_Task details:_
Reproduce the listing below from the line with "Shimano Fishing Baitcasting" to the line with "ดูหนังออนไลน์ Tim Travers", both lines included, character for character, minus any pictures.

_Given data:_
________
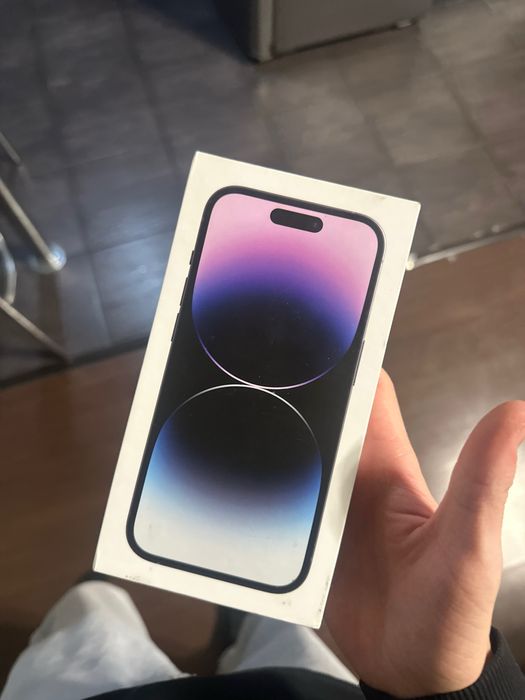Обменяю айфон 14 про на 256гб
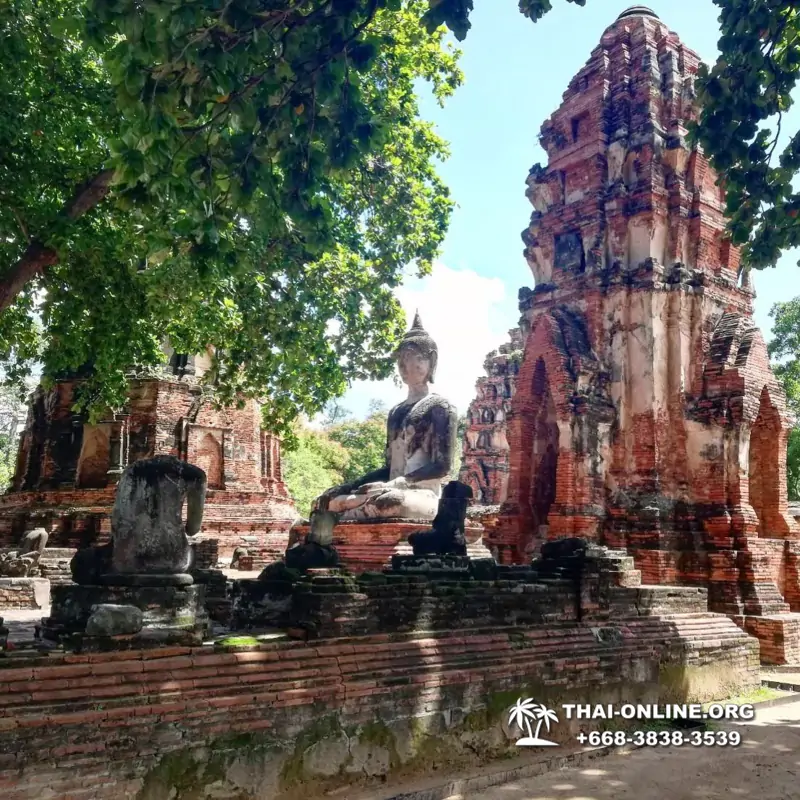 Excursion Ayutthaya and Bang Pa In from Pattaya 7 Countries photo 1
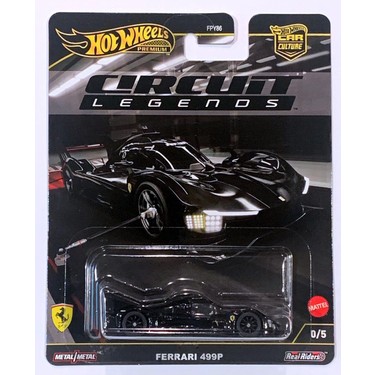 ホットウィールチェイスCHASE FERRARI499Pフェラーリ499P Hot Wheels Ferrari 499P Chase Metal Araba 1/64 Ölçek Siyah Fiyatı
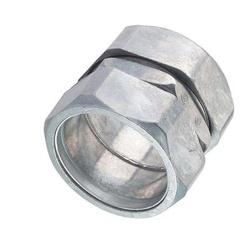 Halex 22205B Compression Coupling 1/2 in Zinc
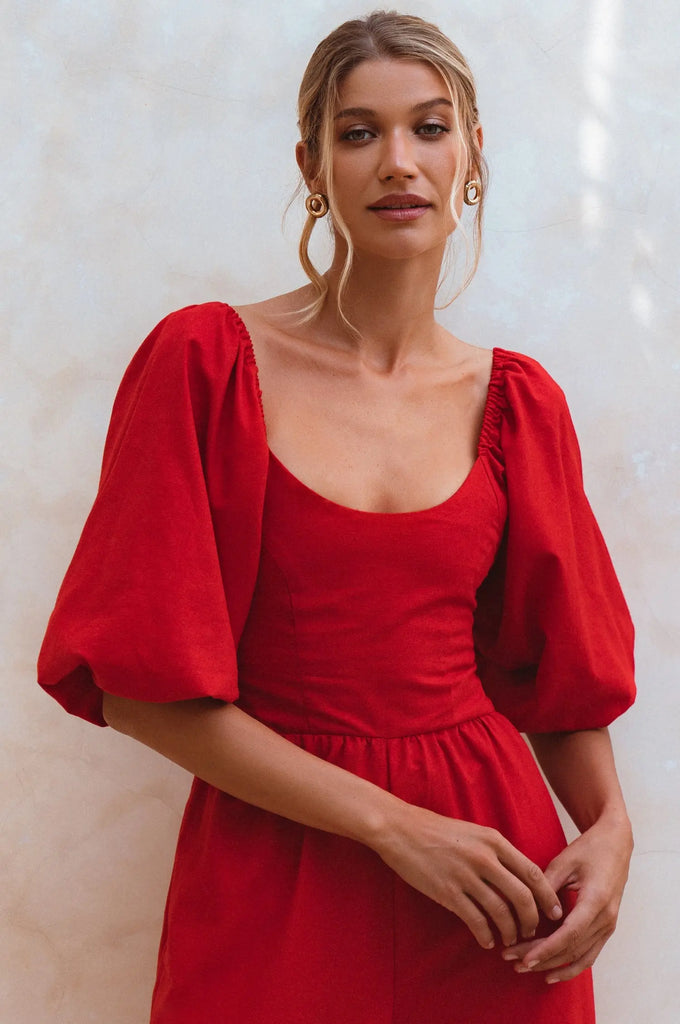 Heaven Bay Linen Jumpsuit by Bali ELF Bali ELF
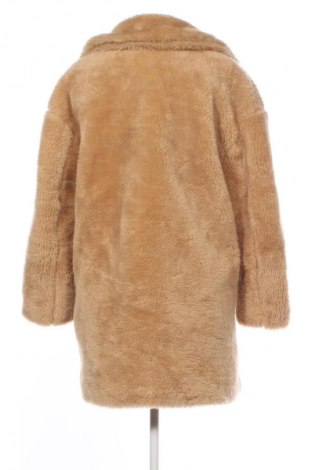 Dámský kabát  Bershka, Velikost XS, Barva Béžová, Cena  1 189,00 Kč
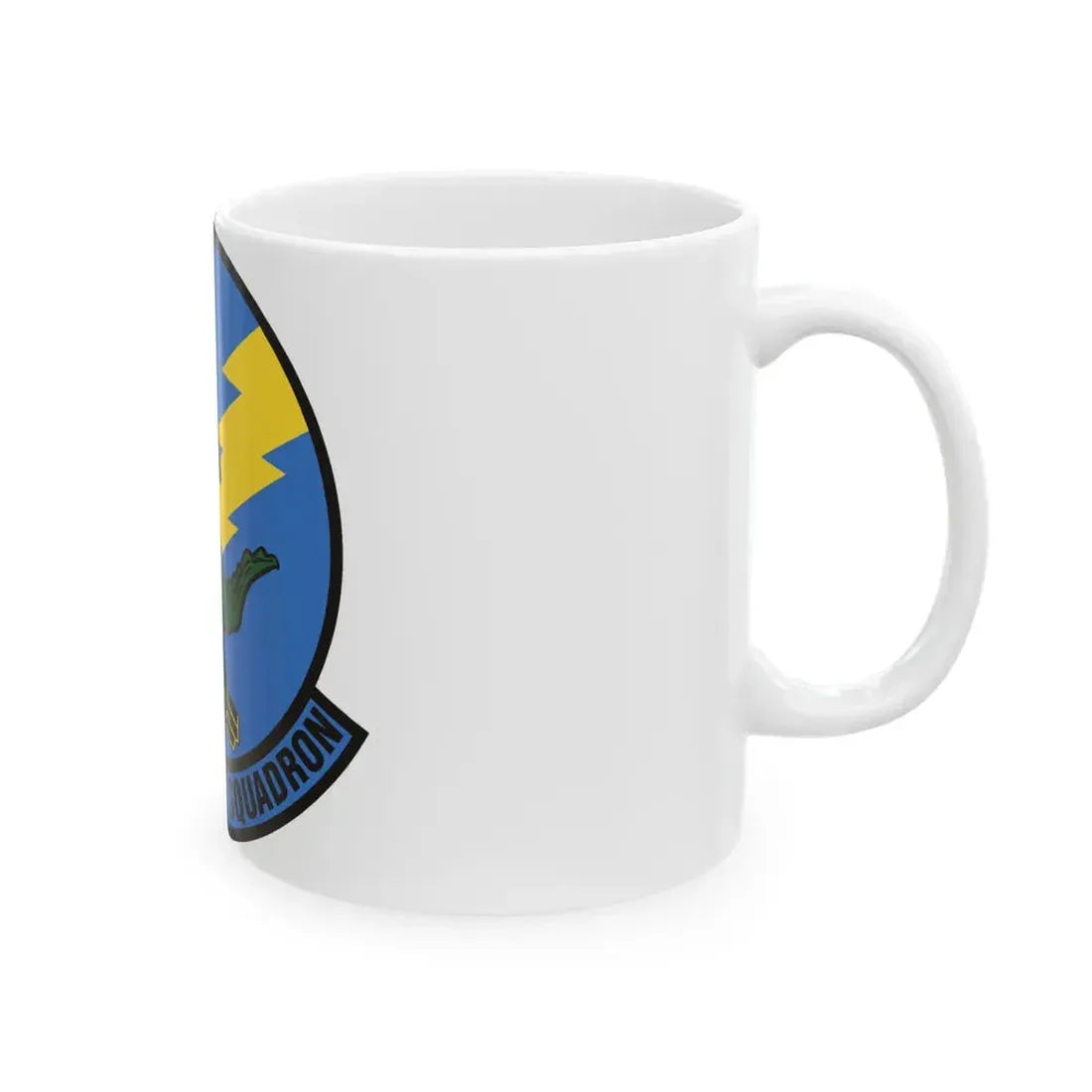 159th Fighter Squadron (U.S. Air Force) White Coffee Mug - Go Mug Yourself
________
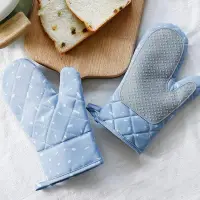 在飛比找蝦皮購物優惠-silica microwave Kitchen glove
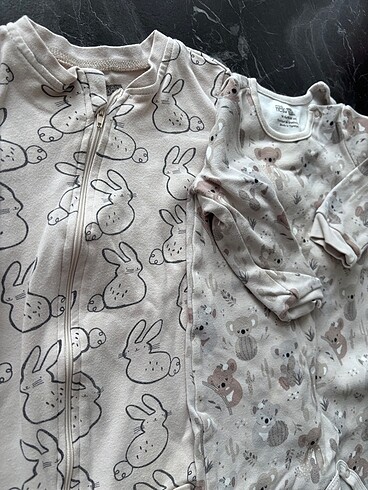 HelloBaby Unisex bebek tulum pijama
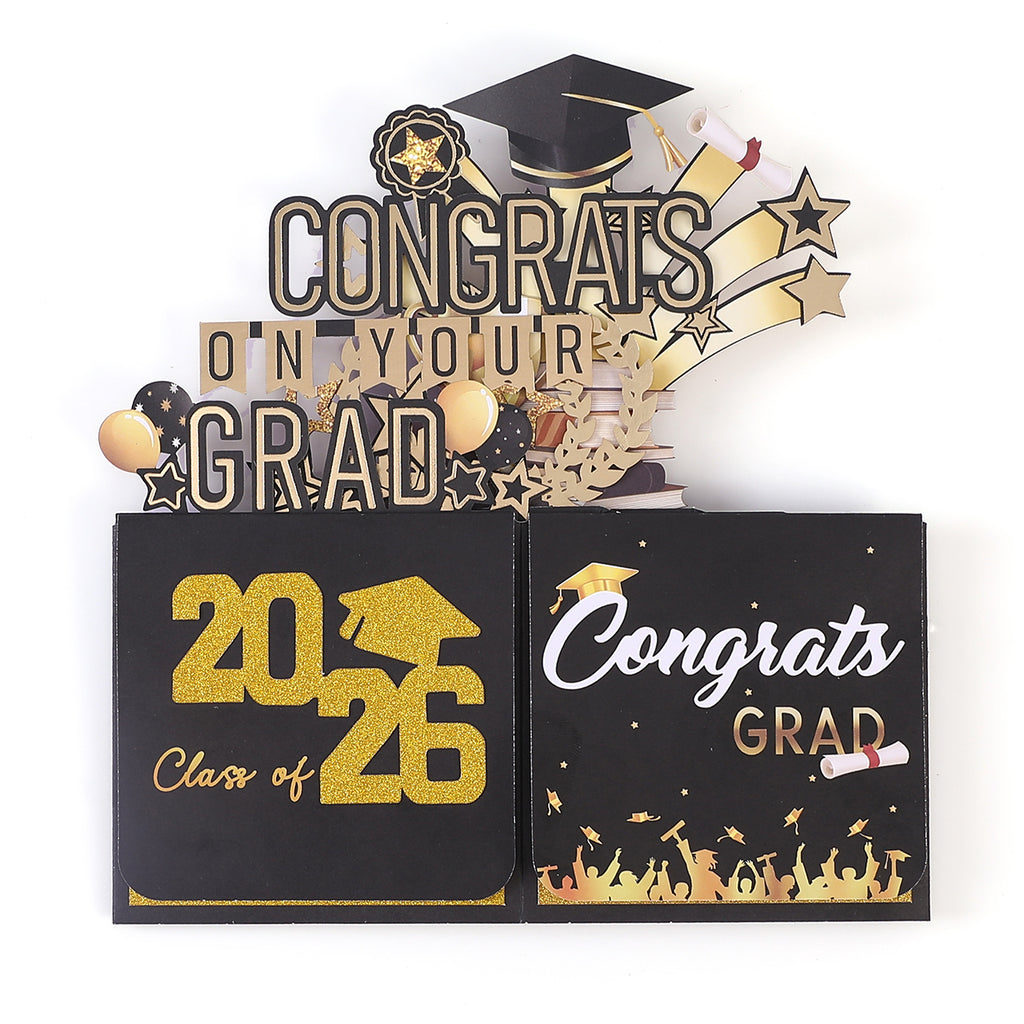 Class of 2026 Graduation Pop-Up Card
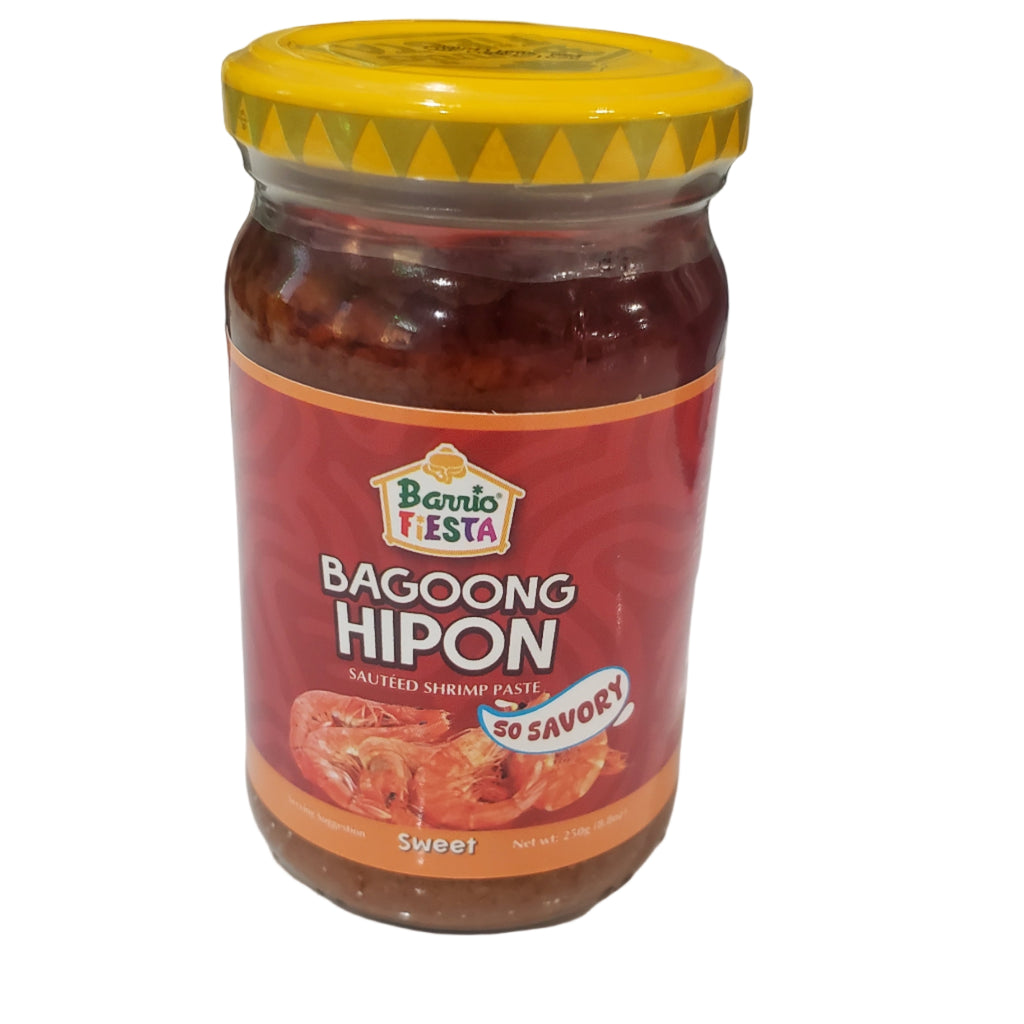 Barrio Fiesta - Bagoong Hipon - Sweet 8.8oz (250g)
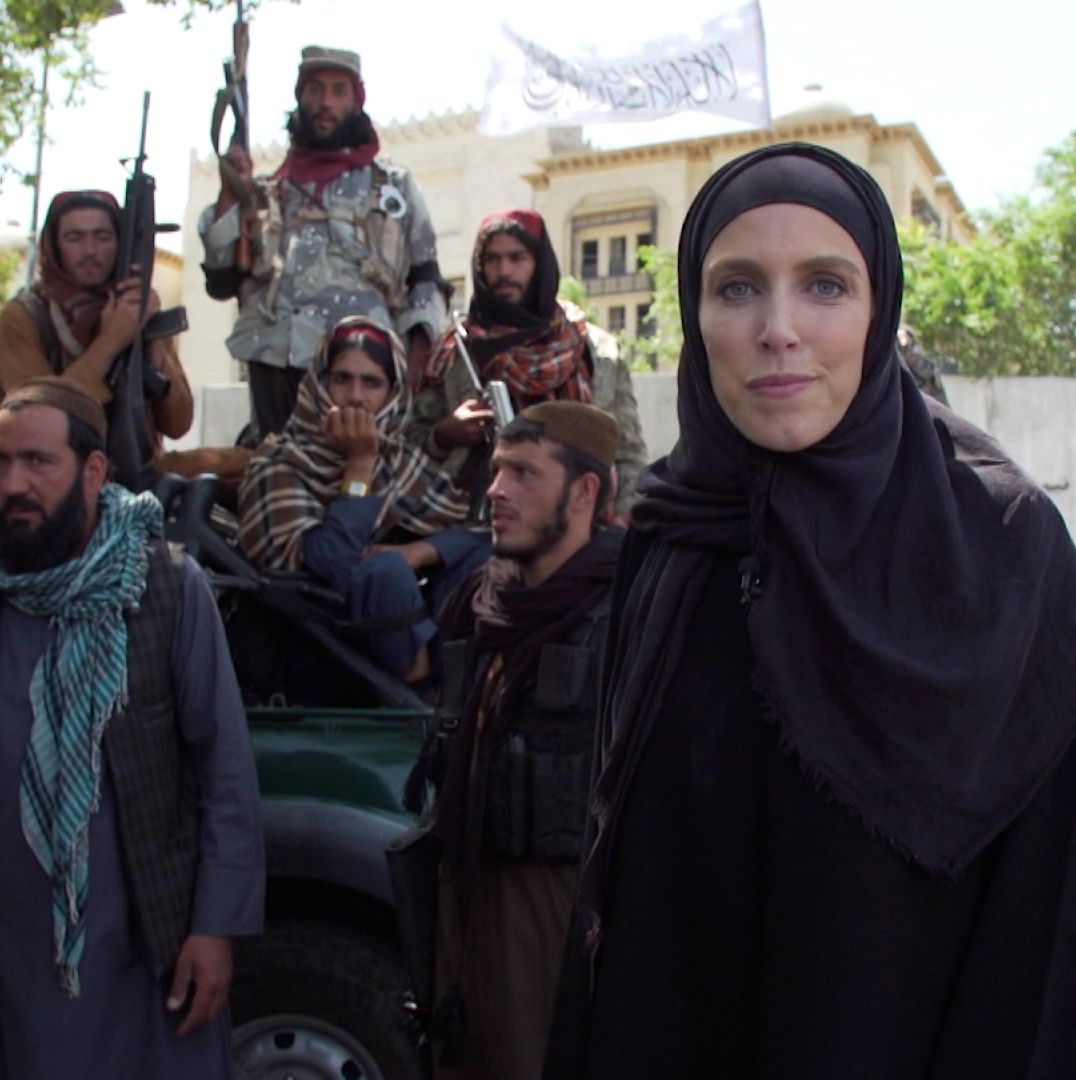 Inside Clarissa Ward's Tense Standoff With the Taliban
________
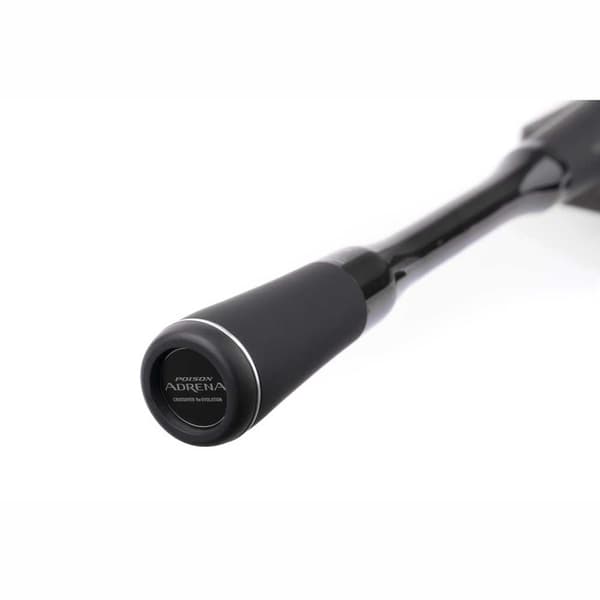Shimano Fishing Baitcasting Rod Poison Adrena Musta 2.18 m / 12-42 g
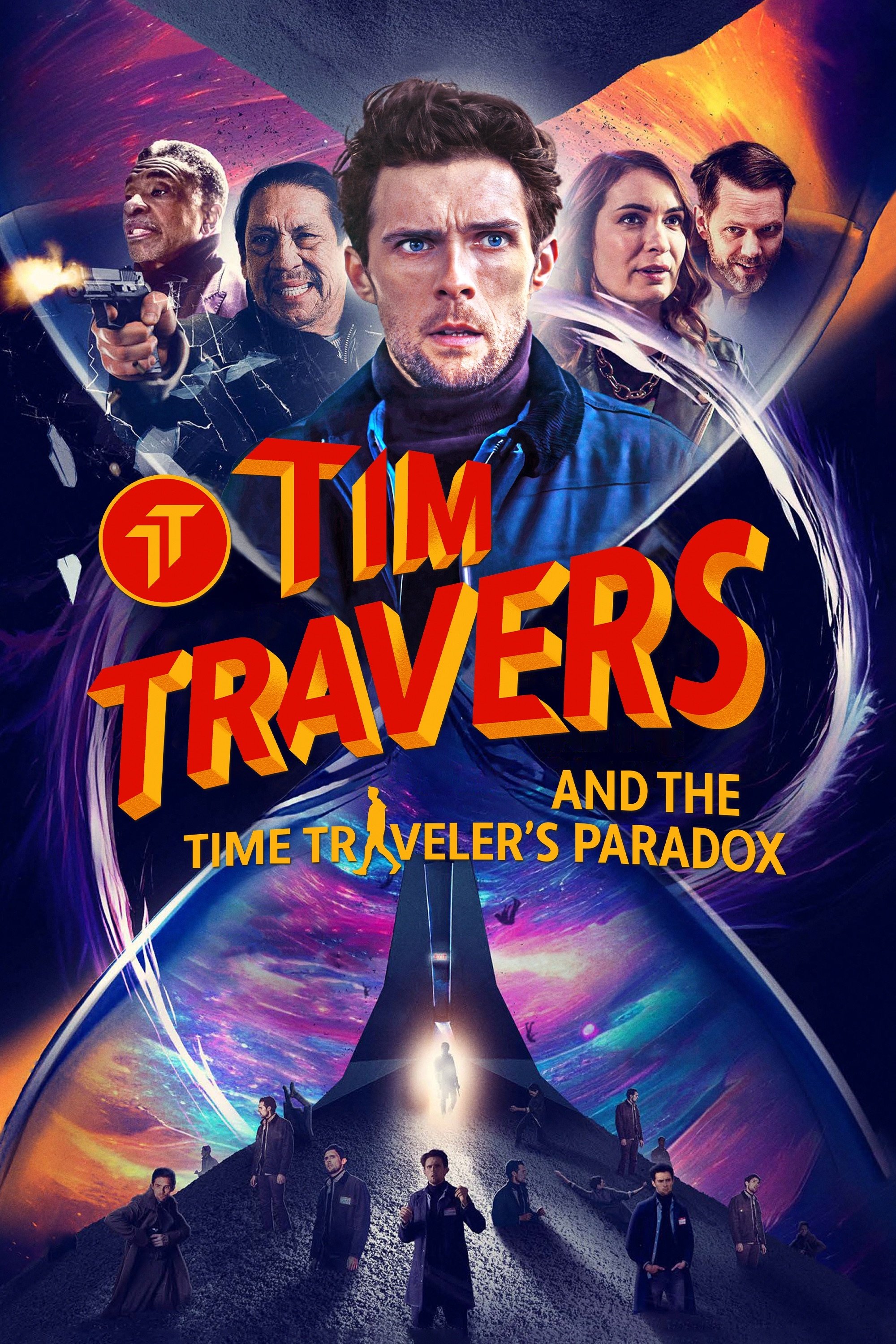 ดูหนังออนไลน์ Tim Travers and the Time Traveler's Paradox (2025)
________
_Task response:_
Shimano Fishing Baitcasting Rod Poison Adrena Musta 2.18 m / 12-42 g
 ดูหนังออนไลน์ Tim Travers and the Time Traveler's Paradox (2025)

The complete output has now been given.